Defaults in a corner of the commercial real-estate debt market are surging, triggering losses
The commercial real-estate meltdown is causing a surge in defaults in Wall Street mortgage-bond investments, raising concerns about the future of offices and malls in cities across the U.S. There are about $260 billion of single-asset, single-borrower bonds held by investors such as banks, insurers, pensions, and mutual funds.
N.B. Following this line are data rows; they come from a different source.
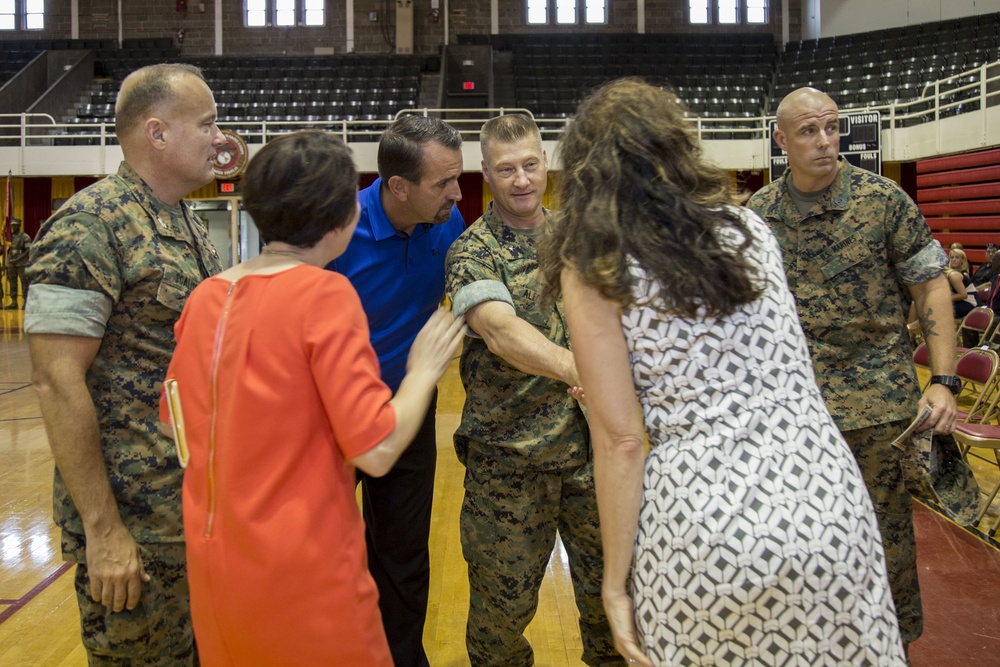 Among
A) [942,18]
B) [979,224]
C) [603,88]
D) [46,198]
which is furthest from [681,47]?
[603,88]

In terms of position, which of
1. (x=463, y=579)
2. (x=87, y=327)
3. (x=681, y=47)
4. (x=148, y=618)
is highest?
(x=681, y=47)

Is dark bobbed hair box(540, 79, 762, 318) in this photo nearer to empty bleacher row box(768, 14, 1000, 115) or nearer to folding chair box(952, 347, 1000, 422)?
folding chair box(952, 347, 1000, 422)

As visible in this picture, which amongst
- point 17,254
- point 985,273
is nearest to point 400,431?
point 985,273

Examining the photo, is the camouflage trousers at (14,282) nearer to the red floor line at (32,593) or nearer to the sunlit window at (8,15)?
the sunlit window at (8,15)

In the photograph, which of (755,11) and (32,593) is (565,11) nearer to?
(755,11)

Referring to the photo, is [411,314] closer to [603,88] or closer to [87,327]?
[87,327]

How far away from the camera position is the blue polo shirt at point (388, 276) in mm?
2252

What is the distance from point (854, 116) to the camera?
10086mm

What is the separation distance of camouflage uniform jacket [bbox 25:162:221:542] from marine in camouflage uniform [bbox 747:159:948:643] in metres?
1.67

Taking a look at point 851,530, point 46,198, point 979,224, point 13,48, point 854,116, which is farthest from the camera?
point 13,48

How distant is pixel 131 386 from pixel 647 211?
1073mm

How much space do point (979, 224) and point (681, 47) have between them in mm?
7786

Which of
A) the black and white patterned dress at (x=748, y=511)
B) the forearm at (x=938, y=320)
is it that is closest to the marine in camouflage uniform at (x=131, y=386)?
the black and white patterned dress at (x=748, y=511)

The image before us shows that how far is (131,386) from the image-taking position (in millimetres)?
1670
Landlords, often private-equity firms, used that money to purchase skyscrapers, shopping centers, and other properties. The rate of loans at or near default has nearly tripled over two years, reaching 8.7% in 2024. The losses are particularly jarring for investors because credit-rating firms initially gave many of the bonds triple-A ratings—higher than even U.S. Treasury bonds. The financial models behind the ratings never forecast property prices falling below the value of the debt. The steep price drops leave highly regulated lenders with two unpalatable choices: selling the bonds forces them to take a loss immediately and holding on to them requires banks and insurers to reserve more capital against the bonds because they are viewed as riskier.